INSTRUCTIONS FOR THE TASK: Write the listing below out again exactly, dropping the images.

COLLECTED DATA:
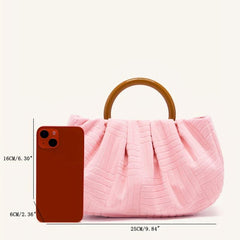 Jacquard Fabric Pleated Handbag with Stylish Ring Strap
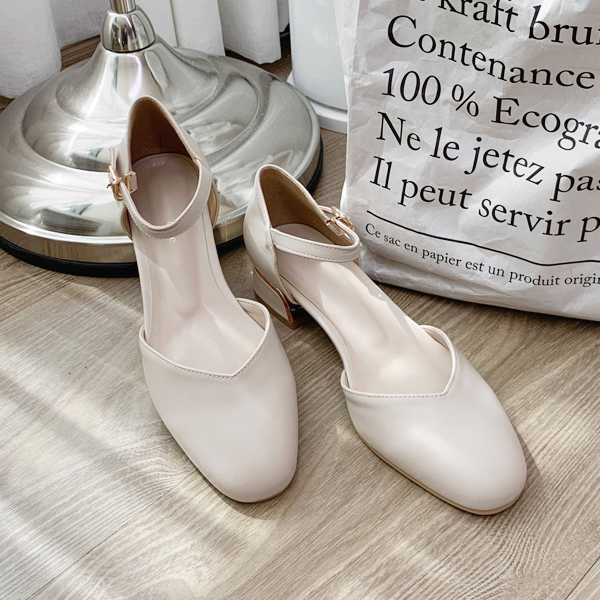 편안한 데일리슈즈 V라인 포인트 메리제인 3센치굽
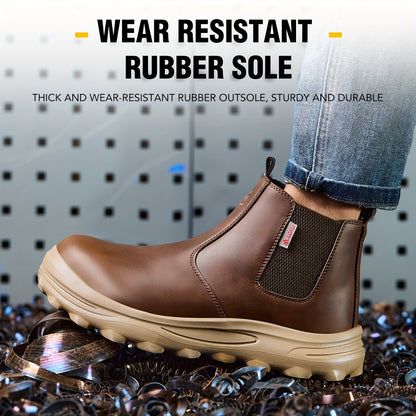 Men's Industrial Construction Protective Shoes, Men's Steel Toe Anti Stab, Durable, Anti Slip Work Boots, Lightweight And Durable Safety Shoes, Work Shoes, Work Boots for Men, Zapatos De Trabajo Para Hombre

THE ANSWER:
 Jacquard Fabric Pleated Handbag with Stylish Ring Strap
 편안한 데일리슈즈 V라인 포인트 메리제인 3센치굽
 Men's Industrial Construction Protective Shoes, Men's Steel Toe Anti Stab, Durable, Anti Slip Work Boots, Lightweight And Durable Safety Shoes, Work Shoes, Work Boots for Men, Zapatos De Trabajo Para Hombre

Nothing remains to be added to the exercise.